Seguindo na estrada, agora saindo de São Paulo em direção a Campo Bom, no Rio Grande do Sul, casa da cervejaria Imigração, que marca presença com sua Citrus & Juice, uma American IPA que combina os lúpulos Citra, Mosaic, Cascade e El Dorado. Na taça, a Imigração IPA Citrus & Juice apresenta coloração dourada levemente turva (mas nada Juice, padrão do estilo New England IPA) com creme branco de boa formação e média alta retenção. No nariz, bastante cítrico (manga, abacaxi, laranja e tangerina) sobre uma base doce, mas não remetendo a malte caramelo, e levemente condimentada. Na boca, doçura cítrica deliciosa no primeiro toque, puxando para manga e tangerina, que surgem mais intensas na sequencia com leve condimentação seguida de amargor bem leve (56 IBUs, mas parece menos). A textura é cremosa, quase uma Cream Ale, com sensação de cryo hops e picância leve. Dai pra frente, uma bela (New) American IPA num custo beneficio caprichado finalizando com frutado cítrico delicioso e, trazendo no retrogosto, manga, abacaxi, tangerina e leve picância. Uma baita surpresa boa!

Do Sul do país voltamos ao interior paulista, mas agora em Araras, com a primeira Hausen Bier a marca presença por aqui, a Dunkel, uma Schwarzbier que já arrebatou medalhas no World Beer Awards, no Festival Brasileiro da Cerveja e na Copa Cervezas de América. Trata-se de uma cerveja de coloração marrom escura translucida de creme bege claro de boa formação e media alta retenção. No nariz, caramelo, tosta, café e chocolate ao leite bem suaves. Na boca, doçura caramelada com leve tosta no primeiro toque seguida de café bem suave e chocolate ao leite na sequencia. O amargor é baixinho (22 IBUs) e a textura é suave, quase cremosa. Dai pra frente surge um conjunto extremamente correto que entrega tudo o que estilo promete com chocolate, café, caramelo e tosta bem equilibrados, e quase nada dos 4.7% de álcool. No final, carameladinho e tosta bem suave, que se estende ao retrogosto.

De volta ao sul do país com uma colaborativa entre a Narcose, de Capão da Canoa (RS), com a Synergy, de Sorocaba (SP), a Half Blind Peach Gose, uma Gose com adição de pêssego.
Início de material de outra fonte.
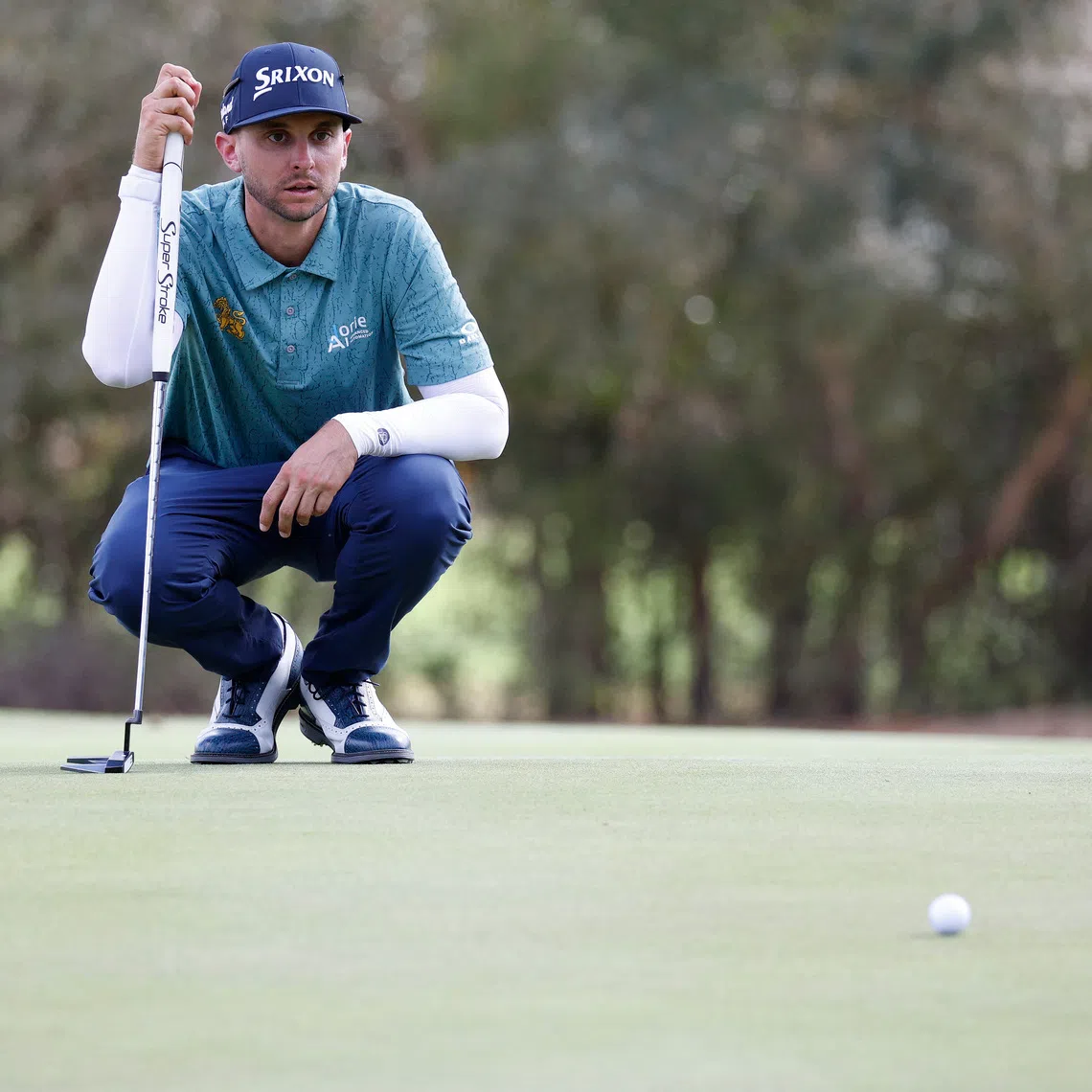 FILE PHOTO: Jan 9, 2026; Lecanto, Florida, United States; John Catlin lines up his putt on the eighteeth green during the second round of the LIV Golf Black Diamond Ranch golf tournament at Black Diamond Ranch. Mandatory Credit: Jeff Swinger-Imagn Images/File Photo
De coloração amarelo palha com creme branco de boa formação e média retenção, a Half Blind Peach Gose exibe um aroma cujo destaque é uma sugestão láctica que causa certa estranheza no nariz, dominado a atenção do bebedor. Na boca, porém, o conjunto surpreende desde o primeiro toque, com a doçura do pêssego se destacando para, logo na sequencia, brigar por espaço com a acidez, num conjunto que se mostrará bastante equilibrado, ainda que a salinidade seja baixa demais para o estilo. Sobre a língua, a textura exibe acidez leve e cremosidade. Dai pra frente, uma Gose levemente Gose, com pouco sal, muita doçura da fruta e bastante refrescancia. No final, secura seguida de adstringência suave. No retrogosto, acidez puxada para limão siciliano e pêssego mais refrescancia. Delicinha.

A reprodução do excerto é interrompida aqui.